Rosemunda zacisnęła usta, ale posłusznie wyszła do sieni, gdzie wisiały wierzchnie okrycia.
— Okazuje równie mało radości z prezentów, które otrzymała od mego brata, jak z jego obecności — zauważyła Yvolde. — Podczas wieczerzy nie zamieniła z nim ani słowa.
Wróciła Rosemunda, niosąc zielony płaszcz z broszką, którą potraktowała jako zaponę. Lady Imeyne uważnie obejrzała błyskotkę i wyraziła zachwyt nad kunsztownością roboty.
— Ja też chcę zobaczyć! — zawołała Agnes.
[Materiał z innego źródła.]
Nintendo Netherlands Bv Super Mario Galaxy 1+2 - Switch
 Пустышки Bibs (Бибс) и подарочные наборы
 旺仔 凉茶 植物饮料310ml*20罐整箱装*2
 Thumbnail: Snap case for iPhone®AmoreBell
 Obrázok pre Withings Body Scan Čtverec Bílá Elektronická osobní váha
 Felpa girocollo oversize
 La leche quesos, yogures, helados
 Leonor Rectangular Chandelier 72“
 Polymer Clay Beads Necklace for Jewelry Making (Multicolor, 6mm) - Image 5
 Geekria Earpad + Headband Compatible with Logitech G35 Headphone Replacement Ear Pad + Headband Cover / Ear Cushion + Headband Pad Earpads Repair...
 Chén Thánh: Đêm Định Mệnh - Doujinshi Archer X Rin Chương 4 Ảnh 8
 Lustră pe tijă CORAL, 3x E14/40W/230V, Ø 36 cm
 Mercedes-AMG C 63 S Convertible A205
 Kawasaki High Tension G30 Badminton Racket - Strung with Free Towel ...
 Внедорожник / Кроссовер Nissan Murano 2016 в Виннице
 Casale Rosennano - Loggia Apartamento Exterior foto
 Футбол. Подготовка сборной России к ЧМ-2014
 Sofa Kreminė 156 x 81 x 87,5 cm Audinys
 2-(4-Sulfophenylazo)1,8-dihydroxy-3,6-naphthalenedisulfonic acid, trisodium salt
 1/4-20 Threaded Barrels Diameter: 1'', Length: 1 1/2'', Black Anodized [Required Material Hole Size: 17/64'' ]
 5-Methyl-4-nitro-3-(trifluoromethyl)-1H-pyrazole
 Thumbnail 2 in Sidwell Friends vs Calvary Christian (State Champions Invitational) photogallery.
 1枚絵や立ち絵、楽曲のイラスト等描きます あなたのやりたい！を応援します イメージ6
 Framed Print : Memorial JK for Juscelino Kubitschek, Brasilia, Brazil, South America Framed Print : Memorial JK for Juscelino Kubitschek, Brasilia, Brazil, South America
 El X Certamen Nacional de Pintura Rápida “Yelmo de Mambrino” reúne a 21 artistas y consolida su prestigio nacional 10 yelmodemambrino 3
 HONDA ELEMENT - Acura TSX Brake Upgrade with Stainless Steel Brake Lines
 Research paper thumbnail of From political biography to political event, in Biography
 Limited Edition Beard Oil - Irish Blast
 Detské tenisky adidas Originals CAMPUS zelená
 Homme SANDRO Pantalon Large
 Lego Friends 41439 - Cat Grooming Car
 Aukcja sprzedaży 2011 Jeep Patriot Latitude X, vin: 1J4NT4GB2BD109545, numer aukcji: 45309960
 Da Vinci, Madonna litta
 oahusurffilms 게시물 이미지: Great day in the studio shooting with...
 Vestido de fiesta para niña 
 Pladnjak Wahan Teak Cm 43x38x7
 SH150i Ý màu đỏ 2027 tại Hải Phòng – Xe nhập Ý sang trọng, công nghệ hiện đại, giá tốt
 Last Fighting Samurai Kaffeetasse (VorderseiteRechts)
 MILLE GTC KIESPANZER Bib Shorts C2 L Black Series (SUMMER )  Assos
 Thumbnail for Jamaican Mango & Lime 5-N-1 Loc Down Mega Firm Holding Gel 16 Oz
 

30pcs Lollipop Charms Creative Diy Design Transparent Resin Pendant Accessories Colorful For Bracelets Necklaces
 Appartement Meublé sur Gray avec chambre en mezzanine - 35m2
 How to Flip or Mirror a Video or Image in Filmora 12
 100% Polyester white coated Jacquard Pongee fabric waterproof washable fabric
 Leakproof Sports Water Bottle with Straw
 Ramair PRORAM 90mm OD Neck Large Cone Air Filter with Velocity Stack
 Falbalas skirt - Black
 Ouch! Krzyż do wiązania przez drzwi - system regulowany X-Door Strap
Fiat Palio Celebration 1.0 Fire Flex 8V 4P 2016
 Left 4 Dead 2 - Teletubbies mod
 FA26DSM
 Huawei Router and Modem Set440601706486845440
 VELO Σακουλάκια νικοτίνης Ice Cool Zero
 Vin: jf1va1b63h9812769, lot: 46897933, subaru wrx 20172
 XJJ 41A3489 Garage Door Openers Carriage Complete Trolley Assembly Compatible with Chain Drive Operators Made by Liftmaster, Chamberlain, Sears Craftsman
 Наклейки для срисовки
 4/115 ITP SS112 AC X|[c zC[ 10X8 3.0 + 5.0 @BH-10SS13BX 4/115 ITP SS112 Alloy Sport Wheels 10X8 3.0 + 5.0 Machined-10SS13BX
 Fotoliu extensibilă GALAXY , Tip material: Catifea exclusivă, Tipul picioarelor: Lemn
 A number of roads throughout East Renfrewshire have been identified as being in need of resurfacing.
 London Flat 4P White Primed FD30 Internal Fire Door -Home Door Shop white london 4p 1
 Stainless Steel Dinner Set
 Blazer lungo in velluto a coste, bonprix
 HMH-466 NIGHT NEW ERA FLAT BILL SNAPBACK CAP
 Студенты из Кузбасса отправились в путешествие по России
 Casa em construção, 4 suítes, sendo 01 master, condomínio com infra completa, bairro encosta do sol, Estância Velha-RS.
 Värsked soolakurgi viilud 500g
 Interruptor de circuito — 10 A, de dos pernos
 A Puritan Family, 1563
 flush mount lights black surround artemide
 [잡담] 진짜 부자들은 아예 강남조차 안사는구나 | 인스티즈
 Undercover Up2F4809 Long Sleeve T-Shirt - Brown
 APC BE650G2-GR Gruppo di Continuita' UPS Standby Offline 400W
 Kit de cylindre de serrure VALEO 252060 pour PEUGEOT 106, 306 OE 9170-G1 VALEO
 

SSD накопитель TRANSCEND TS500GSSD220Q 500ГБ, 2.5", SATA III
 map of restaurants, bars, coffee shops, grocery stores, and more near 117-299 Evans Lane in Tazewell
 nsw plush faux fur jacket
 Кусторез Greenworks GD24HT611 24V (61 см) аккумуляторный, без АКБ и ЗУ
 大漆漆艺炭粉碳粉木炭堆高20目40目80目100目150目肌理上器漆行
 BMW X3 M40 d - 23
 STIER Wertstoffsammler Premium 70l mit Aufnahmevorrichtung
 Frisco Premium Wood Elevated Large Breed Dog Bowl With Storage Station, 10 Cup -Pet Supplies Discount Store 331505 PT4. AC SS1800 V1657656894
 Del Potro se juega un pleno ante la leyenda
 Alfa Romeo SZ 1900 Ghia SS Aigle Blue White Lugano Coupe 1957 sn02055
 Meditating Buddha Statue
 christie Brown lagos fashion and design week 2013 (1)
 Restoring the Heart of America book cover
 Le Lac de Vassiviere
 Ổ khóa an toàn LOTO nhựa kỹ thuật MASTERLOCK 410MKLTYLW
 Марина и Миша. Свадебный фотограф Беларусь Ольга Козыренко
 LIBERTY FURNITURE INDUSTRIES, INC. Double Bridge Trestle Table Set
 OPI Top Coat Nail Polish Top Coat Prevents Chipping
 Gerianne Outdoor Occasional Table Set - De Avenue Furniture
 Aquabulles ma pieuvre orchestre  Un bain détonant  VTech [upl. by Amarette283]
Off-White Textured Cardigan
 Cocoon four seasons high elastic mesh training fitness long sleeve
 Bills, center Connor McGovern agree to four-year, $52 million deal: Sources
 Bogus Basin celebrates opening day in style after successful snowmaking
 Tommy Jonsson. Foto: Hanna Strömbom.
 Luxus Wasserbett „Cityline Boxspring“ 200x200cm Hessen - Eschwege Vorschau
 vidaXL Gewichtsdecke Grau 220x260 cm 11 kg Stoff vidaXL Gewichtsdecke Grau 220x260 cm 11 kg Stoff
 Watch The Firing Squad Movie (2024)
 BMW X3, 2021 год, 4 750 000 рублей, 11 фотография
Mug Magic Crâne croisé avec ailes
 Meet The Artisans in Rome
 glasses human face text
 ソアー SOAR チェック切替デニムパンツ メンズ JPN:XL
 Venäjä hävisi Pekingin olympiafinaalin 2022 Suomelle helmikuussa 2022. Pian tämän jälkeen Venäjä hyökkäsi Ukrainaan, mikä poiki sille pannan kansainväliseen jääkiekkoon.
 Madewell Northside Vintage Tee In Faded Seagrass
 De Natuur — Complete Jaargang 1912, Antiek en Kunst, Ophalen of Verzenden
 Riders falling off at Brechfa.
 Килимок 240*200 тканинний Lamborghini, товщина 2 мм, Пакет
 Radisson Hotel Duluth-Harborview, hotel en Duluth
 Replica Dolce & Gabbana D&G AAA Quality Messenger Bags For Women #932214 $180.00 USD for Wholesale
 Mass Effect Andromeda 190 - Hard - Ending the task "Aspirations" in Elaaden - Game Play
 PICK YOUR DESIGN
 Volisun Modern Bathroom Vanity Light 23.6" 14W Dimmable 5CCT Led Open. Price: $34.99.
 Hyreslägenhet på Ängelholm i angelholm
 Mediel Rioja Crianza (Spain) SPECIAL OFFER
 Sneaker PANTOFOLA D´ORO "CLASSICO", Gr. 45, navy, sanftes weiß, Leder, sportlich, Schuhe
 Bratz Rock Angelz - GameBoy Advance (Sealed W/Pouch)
Rosemunda schyliła się, by pokazać prezent siostrze. Na złotej, dość grubej blaszce było osadzonych kilka czerwonych kamyków. Ponieważ w XIV wieku nie znano jeszcze agrafek, z tyłu sterczała długa szpilka, którą należało przewlec przez materiał. Na odwrocie znajdował się wygrawerowany napis: Io suiicen lui darni amo.
— Co to znaczy? — zapytała Agnes.
— Nie wiem — odparła Rosemunda tonem, który sugerował także: „I nic mnie to nie obchodzi”.
Widząc, że usta Yvolde zacisnęły się w jeszcze węższą kreskę, Kivrin postanowiła odwrócić uwagę kobiet od nieszczęsnej Rosemundy.
— To znaczy: „Zastępujesz przyjaciela, którego kocham” — wyjaśniła.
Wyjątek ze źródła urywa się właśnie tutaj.